Exercise description:
Among the entries below, copy only the span from the line containing "Børnesenge & Tilbehør|Hoppekids" through the line containing "Lamborghini Gallardo Superleggera". Do so exactly, and skip the pictures.

Supplied data:
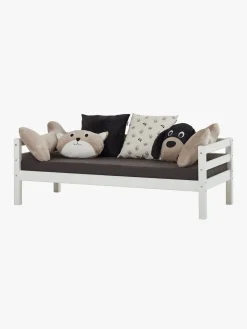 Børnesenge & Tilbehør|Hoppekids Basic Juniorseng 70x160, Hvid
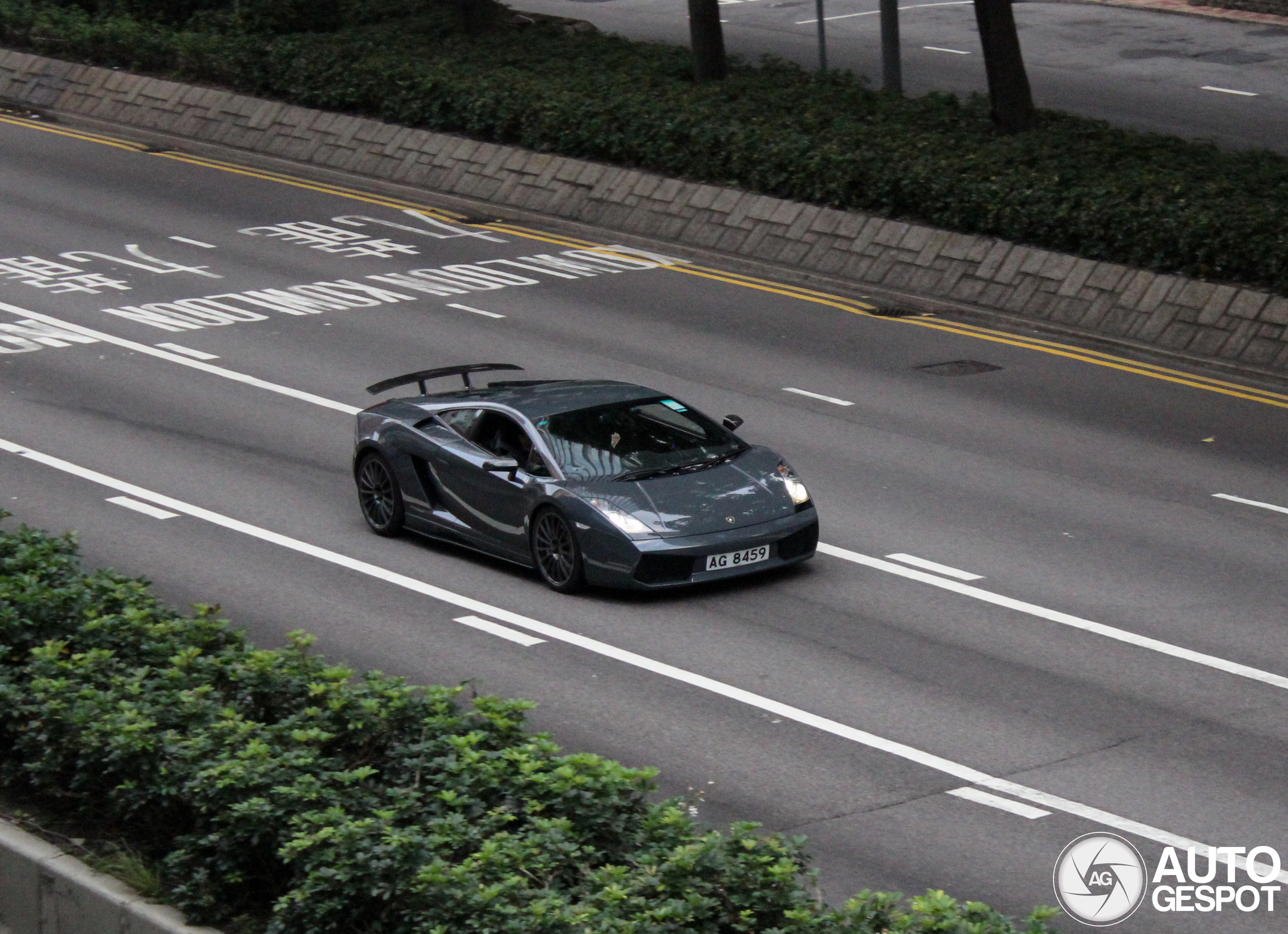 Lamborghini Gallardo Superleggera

...

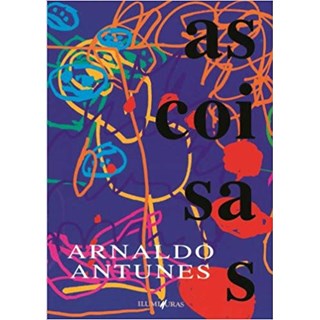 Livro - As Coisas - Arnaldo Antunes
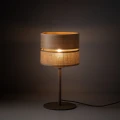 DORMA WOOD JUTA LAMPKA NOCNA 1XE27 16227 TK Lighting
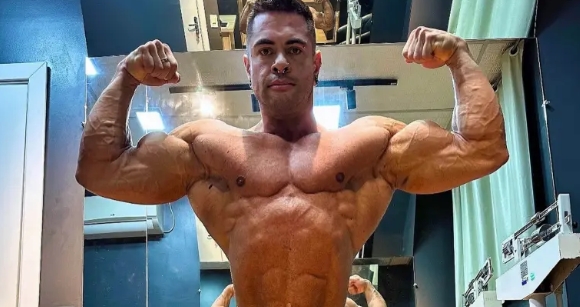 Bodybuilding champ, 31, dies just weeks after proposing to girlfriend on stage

Your response:
 Børnesenge & Tilbehør|Hoppekids Basic Juniorseng 70x160, Hvid
 Lamborghini Gallardo Superleggera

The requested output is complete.